== Segment start ==
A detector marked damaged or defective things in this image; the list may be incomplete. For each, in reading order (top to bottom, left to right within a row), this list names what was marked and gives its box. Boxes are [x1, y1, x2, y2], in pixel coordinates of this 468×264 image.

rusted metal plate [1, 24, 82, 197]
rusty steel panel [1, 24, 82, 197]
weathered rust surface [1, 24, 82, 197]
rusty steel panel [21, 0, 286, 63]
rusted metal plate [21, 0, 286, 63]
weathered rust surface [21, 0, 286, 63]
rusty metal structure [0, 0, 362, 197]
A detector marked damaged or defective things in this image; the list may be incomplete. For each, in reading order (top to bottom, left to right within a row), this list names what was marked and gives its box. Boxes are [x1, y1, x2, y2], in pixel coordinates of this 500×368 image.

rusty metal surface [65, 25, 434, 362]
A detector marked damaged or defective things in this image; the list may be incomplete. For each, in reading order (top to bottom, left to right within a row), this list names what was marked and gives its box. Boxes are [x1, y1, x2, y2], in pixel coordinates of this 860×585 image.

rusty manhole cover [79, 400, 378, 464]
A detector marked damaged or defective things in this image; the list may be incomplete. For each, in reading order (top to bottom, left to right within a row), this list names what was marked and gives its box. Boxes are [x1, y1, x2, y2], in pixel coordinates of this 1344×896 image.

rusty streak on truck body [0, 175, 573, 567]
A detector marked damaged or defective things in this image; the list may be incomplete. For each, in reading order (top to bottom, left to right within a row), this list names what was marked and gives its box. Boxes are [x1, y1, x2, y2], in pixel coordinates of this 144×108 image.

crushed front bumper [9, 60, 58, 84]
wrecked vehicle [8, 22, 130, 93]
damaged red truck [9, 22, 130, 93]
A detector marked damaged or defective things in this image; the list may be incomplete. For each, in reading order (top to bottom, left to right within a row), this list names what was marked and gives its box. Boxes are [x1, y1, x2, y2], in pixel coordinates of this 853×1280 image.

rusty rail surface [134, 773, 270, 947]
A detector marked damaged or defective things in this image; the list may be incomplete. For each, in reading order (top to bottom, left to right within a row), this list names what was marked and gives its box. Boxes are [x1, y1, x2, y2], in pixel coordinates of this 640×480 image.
== Segment end ==
Only the lines from the one containing "this 144×108 image." through the last line of the entries above should be copied, exactly as written.

A detector marked damaged or defective things in this image; the list may be incomplete. For each, in reading order (top to bottom, left to right within a row), this list names what was marked and gives its box. Boxes are [x1, y1, x2, y2], in pixel coordinates of this 144×108 image.

crushed front bumper [9, 60, 58, 84]
wrecked vehicle [8, 22, 130, 93]
damaged red truck [9, 22, 130, 93]
A detector marked damaged or defective things in this image; the list may be incomplete. For each, in reading order (top to bottom, left to right within a row), this list names what was marked and gives its box. Boxes are [x1, y1, x2, y2], in pixel coordinates of this 853×1280 image.

rusty rail surface [134, 773, 270, 947]
A detector marked damaged or defective things in this image; the list may be incomplete. For each, in reading order (top to bottom, left to right within a row), this list names what was marked and gives its box. Boxes are [x1, y1, x2, y2], in pixel coordinates of this 640×480 image.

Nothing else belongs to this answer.